3.4. Sampling & Estimation

Core Skills Guide for AI Interviews (Math, Code, SQL) 2025

5 min read 981 words

🪄 Step 1: Intuition & Motivation

Core Idea: In the real world, we almost never have all the data. We only get a sample — a small peek into a bigger population. Sampling and estimation are about using that limited sample to make our best, most honest guesses about the underlying truth.
Simple Analogy: Imagine you’re tasting a pot of soup. You take one spoonful — that’s your sample. If you mix the soup well (random sampling), the spoonful represents the whole pot.
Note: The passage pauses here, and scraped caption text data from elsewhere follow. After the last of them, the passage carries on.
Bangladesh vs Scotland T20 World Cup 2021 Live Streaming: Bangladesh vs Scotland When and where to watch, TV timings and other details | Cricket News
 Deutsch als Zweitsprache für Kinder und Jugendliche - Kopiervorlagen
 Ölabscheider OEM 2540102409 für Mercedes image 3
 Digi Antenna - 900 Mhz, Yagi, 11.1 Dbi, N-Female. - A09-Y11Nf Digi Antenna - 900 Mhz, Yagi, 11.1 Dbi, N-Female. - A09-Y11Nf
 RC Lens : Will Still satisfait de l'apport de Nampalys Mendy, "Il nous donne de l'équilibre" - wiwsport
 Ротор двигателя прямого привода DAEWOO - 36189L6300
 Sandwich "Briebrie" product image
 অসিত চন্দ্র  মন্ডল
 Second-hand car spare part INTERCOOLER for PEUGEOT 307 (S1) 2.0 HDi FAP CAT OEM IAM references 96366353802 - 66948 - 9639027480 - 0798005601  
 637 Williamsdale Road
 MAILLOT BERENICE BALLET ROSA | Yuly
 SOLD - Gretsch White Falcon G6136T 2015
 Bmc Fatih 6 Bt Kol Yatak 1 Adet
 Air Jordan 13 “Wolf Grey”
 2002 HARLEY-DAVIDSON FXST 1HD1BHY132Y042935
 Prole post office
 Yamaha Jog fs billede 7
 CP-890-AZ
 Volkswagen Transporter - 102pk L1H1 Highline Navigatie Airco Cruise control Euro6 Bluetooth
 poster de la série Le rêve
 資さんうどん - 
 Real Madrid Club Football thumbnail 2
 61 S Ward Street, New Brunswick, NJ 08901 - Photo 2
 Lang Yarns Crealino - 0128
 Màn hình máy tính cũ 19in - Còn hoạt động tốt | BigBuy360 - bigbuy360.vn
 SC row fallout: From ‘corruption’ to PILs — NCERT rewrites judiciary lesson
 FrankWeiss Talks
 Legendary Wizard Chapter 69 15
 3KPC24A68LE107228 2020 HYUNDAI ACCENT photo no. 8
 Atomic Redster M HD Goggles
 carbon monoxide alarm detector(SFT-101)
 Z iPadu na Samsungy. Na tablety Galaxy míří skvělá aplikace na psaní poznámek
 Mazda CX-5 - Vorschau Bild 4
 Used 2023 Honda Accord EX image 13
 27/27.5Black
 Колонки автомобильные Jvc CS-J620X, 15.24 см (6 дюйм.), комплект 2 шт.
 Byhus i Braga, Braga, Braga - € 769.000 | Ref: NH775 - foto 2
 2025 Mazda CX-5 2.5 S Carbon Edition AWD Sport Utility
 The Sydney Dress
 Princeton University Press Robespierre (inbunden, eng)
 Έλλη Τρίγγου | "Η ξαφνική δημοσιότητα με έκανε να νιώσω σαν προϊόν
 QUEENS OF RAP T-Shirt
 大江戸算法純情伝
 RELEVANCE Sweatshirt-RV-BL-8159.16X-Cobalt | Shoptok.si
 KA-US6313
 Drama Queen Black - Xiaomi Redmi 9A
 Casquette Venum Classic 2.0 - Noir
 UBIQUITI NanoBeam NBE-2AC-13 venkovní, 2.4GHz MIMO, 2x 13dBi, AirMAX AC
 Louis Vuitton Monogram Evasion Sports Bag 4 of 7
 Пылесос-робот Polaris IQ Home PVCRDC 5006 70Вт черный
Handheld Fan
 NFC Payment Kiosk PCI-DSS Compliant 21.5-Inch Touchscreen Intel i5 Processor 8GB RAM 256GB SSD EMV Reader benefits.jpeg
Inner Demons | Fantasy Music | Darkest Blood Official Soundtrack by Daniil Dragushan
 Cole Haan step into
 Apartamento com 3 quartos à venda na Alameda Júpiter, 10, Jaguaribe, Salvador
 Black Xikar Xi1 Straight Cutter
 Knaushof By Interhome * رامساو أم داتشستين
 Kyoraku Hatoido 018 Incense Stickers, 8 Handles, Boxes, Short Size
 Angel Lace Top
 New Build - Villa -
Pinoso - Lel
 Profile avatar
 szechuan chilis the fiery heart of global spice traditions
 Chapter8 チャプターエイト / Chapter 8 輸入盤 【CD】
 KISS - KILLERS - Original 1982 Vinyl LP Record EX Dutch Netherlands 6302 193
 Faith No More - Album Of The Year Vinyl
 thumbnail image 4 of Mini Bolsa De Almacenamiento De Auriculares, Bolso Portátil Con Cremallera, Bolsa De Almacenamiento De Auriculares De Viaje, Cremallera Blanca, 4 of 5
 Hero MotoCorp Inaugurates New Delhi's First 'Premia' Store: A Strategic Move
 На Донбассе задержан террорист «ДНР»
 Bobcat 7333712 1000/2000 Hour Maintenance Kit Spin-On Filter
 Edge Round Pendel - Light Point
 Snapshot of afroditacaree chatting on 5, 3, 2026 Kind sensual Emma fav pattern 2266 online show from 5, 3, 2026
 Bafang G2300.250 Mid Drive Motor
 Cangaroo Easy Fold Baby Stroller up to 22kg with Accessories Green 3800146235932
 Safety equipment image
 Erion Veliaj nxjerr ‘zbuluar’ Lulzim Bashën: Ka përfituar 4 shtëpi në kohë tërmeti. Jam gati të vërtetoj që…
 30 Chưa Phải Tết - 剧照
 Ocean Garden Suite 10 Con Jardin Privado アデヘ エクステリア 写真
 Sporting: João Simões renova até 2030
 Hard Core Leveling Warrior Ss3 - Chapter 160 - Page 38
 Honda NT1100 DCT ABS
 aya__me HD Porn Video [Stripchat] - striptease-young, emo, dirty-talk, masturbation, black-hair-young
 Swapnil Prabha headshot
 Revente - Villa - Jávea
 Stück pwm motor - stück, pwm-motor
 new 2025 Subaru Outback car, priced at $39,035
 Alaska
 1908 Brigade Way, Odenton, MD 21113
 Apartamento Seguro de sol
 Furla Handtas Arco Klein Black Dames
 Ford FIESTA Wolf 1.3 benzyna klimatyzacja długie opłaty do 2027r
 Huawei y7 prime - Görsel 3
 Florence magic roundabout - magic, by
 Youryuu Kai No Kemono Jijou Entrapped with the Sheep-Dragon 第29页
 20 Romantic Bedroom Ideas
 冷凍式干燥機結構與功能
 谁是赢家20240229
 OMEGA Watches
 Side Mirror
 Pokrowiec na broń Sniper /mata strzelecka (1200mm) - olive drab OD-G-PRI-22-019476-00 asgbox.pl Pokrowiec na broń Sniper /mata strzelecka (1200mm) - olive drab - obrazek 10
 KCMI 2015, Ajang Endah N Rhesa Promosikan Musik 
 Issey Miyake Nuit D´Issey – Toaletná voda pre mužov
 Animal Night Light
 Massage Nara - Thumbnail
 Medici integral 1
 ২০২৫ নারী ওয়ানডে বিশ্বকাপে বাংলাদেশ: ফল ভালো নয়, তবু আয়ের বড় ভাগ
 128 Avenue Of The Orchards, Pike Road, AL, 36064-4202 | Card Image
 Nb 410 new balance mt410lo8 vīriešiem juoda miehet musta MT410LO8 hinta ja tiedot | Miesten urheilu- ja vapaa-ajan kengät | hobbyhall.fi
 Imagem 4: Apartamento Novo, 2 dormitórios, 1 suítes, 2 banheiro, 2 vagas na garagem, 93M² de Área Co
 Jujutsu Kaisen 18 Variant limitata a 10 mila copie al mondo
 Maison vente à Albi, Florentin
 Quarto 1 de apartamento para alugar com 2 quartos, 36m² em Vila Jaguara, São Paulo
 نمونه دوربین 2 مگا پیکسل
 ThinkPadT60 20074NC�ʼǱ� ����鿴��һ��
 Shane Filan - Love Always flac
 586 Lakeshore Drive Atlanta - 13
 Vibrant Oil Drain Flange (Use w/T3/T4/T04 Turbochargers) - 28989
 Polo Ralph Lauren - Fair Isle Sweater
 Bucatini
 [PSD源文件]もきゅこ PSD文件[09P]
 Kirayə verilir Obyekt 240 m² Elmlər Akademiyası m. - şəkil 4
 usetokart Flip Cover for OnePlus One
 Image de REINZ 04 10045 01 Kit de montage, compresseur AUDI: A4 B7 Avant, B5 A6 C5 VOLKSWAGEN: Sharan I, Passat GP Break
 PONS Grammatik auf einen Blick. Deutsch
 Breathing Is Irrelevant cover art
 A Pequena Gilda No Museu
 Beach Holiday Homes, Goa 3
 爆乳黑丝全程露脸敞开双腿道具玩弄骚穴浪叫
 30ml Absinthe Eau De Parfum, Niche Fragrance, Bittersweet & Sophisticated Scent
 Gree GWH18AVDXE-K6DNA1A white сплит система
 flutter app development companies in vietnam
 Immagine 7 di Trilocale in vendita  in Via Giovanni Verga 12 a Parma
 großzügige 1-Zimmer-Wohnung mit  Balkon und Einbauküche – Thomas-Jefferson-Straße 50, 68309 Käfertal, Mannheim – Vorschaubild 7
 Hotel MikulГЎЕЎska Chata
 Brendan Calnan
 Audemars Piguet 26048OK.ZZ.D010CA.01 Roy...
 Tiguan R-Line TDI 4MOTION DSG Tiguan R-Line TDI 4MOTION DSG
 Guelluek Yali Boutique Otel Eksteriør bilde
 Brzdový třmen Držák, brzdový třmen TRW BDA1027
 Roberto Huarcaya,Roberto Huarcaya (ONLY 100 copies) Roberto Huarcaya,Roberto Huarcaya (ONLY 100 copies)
Your guess of how salty the soup is — that’s your estimator.

🌱 Step 2: Core Concept

What’s Happening Under the Hood?

When we draw data samples (e.g., customer ratings, test scores), we treat each observation as a random variable from some true but unknown distribution.

Our job is to estimate parameters of that distribution — e.g., mean, variance, or model weights.

For example:

In a Gaussian distribution, estimate $\mu$ and $\sigma^2$.
In a Bernoulli trial, estimate $p$ (probability of success).

But we can’t just take any guess — we want estimators that are:

Unbiased (correct on average),
Consistent (improves with more data), and
Efficient (lowest possible variance).

Why It Works This Way

Every estimate involves uncertainty. The goal isn’t perfection — it’s balancing bias and variance.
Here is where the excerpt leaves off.